What is required
Everything in the records below from the line containing "Love stone heart away" through the line containing "Kinderen fietsen over het park" is to be reproduced exactly, those two lines included; no picture is to be copied.

Recorded information
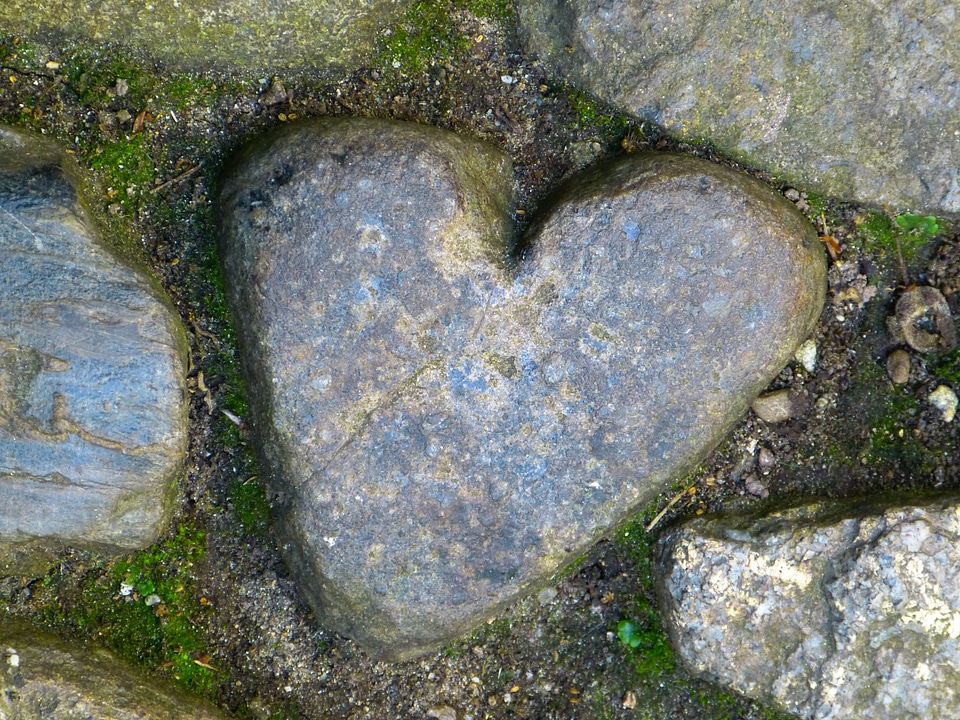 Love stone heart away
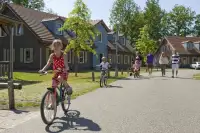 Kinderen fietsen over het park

---

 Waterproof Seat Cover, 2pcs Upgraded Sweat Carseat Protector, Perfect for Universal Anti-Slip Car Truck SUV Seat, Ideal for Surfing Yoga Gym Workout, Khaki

Written response
 Love stone heart away
 Kinderen fietsen over het park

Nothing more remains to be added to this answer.